Probably the most important diagram in stellar astrophysics is the Hertzprung-Russell diagram. It was arrived at independently by Danish astronomer Enjar Hertzsprung in 1911 and American astrophysicist Henry Norris Russell in 1913.

By the start of the 1910s, the Harvard College Observatory’s programme of obtaining the spectra of stars and classifying them (see my blog about that here) meant that the spectral type of a star was one of its measured properties. Another measured property was a star’s apparent magnitude, how bright it appears to be in the sky. As I’ve mentioned before, to calculate a star’s intrinsic brightness (its absolute magnitude>, we also need to know a star’s distance. But with the stellar parallax measured for about one hundred stars, and the period-luminosity relationship for Cepheid variables newly discovered by Henrietta Leavitt, in the early 1910s astronomers were beginning to have a way to convert from a star’s apparent magnitude to its absolute magnitude, and hence measure their intrinsic luminosities.



Henry Norris Russell, who was based at Princeton as an Assistant Professor when he came up with his version of the H-R diagram in 1913.

Henry Norris Russell was based at Princeton as an Assistant Professor when he came up with his version of the H-R diagram in 1913. He would spend the rest of his career at Princeton, and became one of the foremost astrophysicists in the early 20th Century.



Enjar Hertzsprung, who was based at Copenhagen when he came up with his version of the H-R diagram in 1911. He would spend most of his career at Leiden in the Netherlands.

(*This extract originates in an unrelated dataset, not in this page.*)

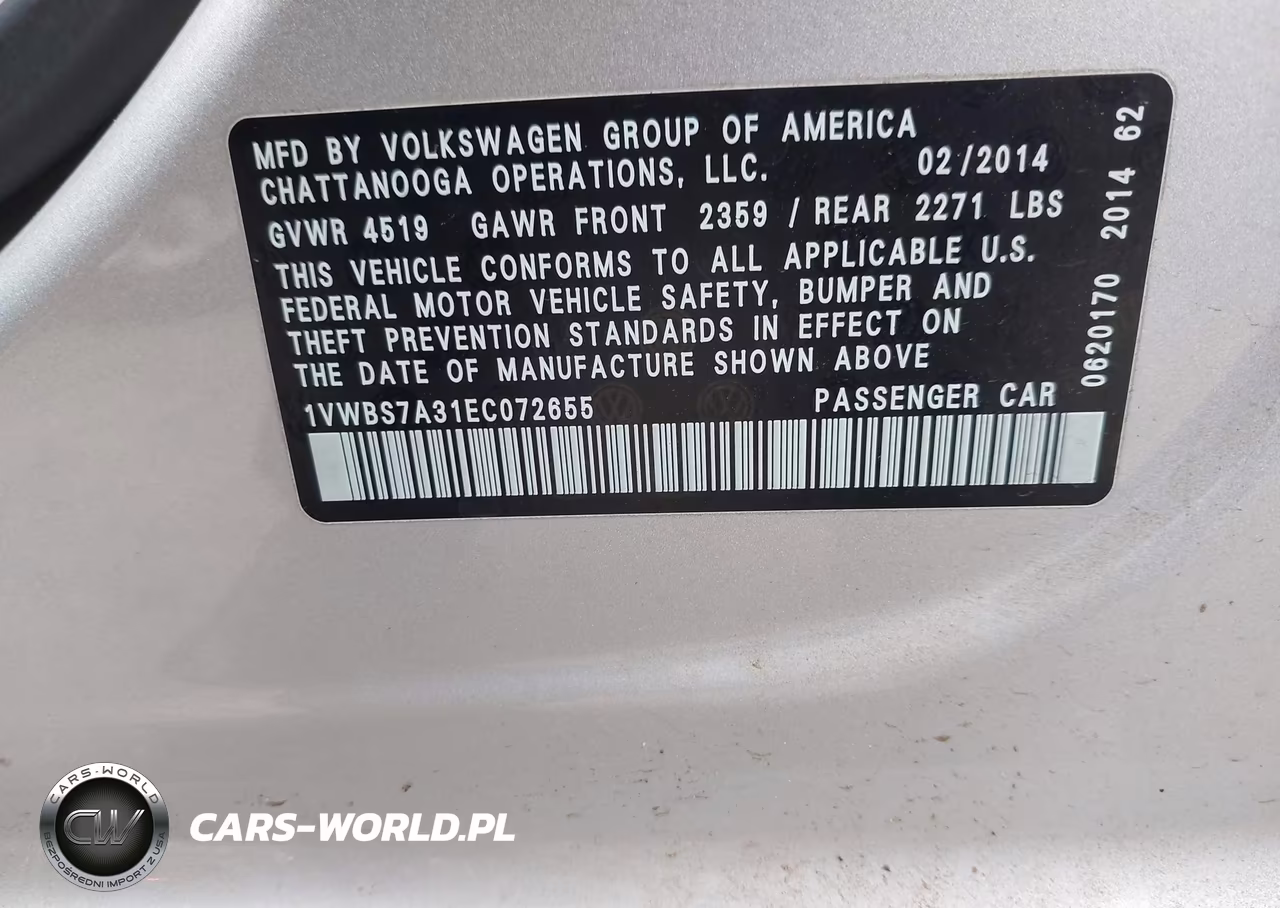 2014 Volkswagen Passat 1.8T Se VIN:1VWBS7A31EC072655 - 9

Enjar Hertzsprung, who was based at Copenhagen when he came up with his version of the H-R diagram in 1911. He would spend most of his career at Leiden in the Netherlands.

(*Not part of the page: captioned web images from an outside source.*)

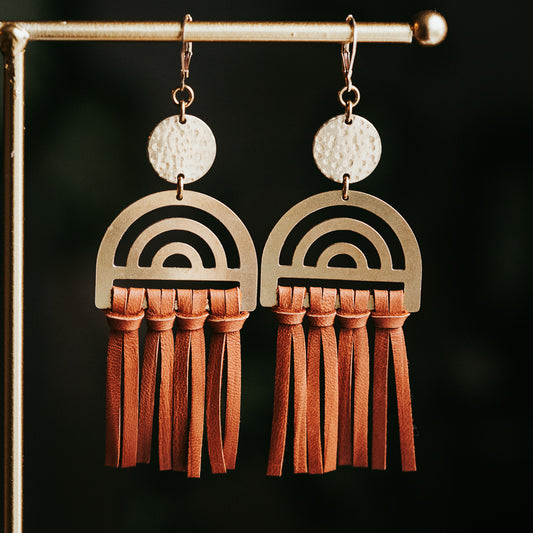 Rainbow Leather Fringe Earrings - Brown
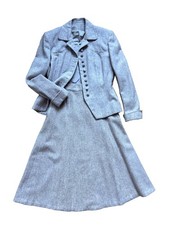 Vintage 1940s Lavender Grey Mélange Wool Two-Piece Skirt Suit picture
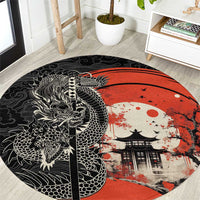 Japanese Dragon Katana Enso Round Carpet Japan Pagoda Seamless Cloud - Polynesian Pride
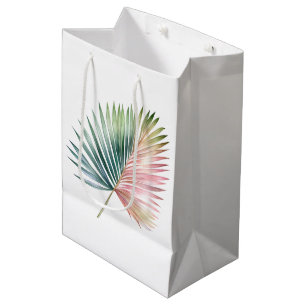 Tropical Pink Green Leaf Wedding Medium Gift Bag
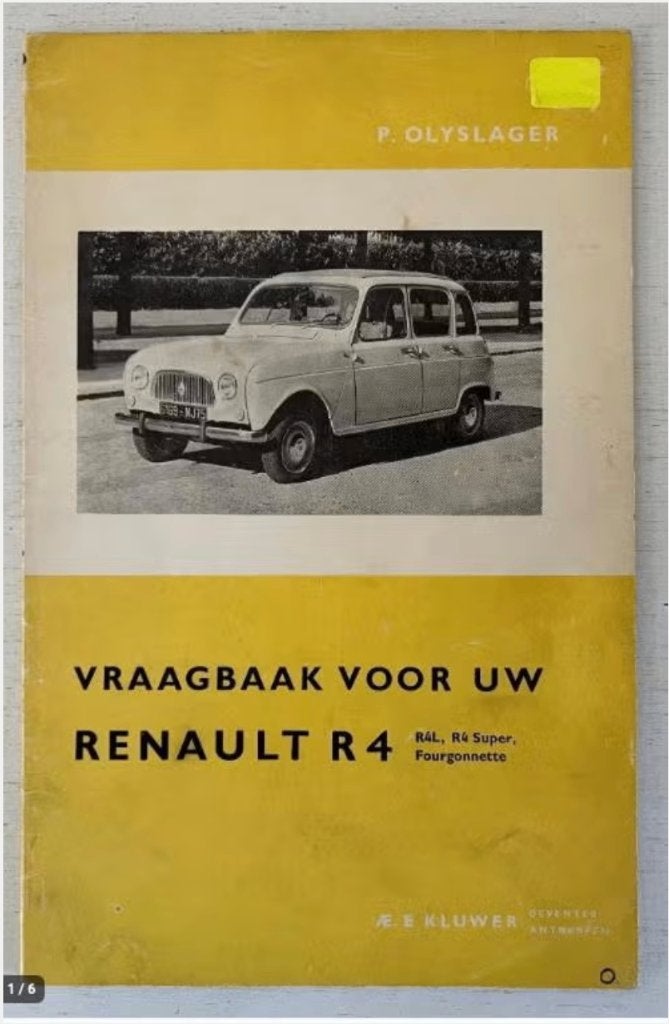 Vraagbaak Renault R4, vanaf 1961, Auto diversen, Handleidingen en Instructieboekjes, Ophalen of Verzenden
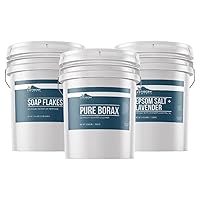 Borax, Lavender Epsom Salt, & Soap Flakes (5 Gallons) Multipurpose Cleaner & Laundry, Resealable Tub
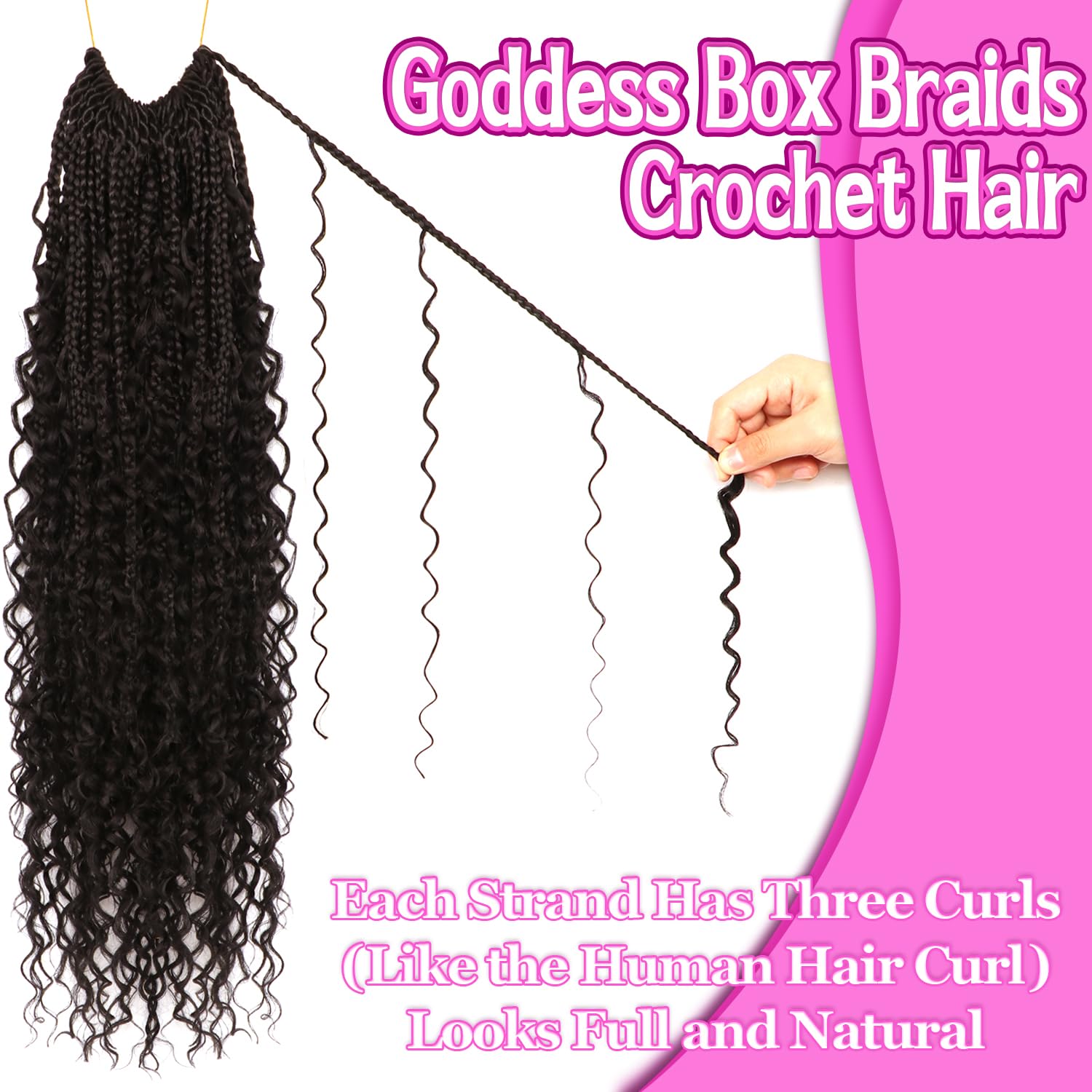 CooCooJoo Goddess Boho Box Braids pre-looped design for faster installation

Hertzsprung and Russell independently decided to plot the spectral type (or colour, or surface temperature; they are related) of a collection of stars against their absolute magnitudes (intrinsic luminosities). What they found was intriguing – rather than stars appearing all over the plot as they might have expected, most stars lay along a well defined band which stretched from the top left to the bottom right. Some stars were above this band, and a few were below it.



The Hertzsprung-Russell diagram is usually plotted with temperature (or spectral type, or colour) on the x-axis and absolute magnitude (intrinsic brightness) on the y-axis. Also, the x-axis is backwards with the temperature increasing going towards the left! The band which stretches from the top left to the bottom right is called the main sequence

The Hertzsprung-Russell diagram is usually plotted with temperature (or spectral type, or colour) on the x-axis and absolute magnitude (intrinsic brightness) on the y-axis. Also, the x-axis is backwards with the temperature increasing going towards the left! The band which stretches from the top left to the bottom right is called the main sequence, and all stars on the main sequence are burning hydrogen in their cores.



Clearly the concentrations of stars in different places on the H-R diagram was telling us something, but it would be a number of decades before astronomers had got it all figured out. In fact, it is one of the great triumphs of 20th Century astronomy that we went from not understanding the H-R diagram when it was first presented by Hertzsprung and Russell to having an essentially complete understanding of it by the 1950s. In the early 1910s we didn’t now that stars were mainly hydrogen, we didn’t know from where they got their energy, and we didn’t know about the life-cycle of stars.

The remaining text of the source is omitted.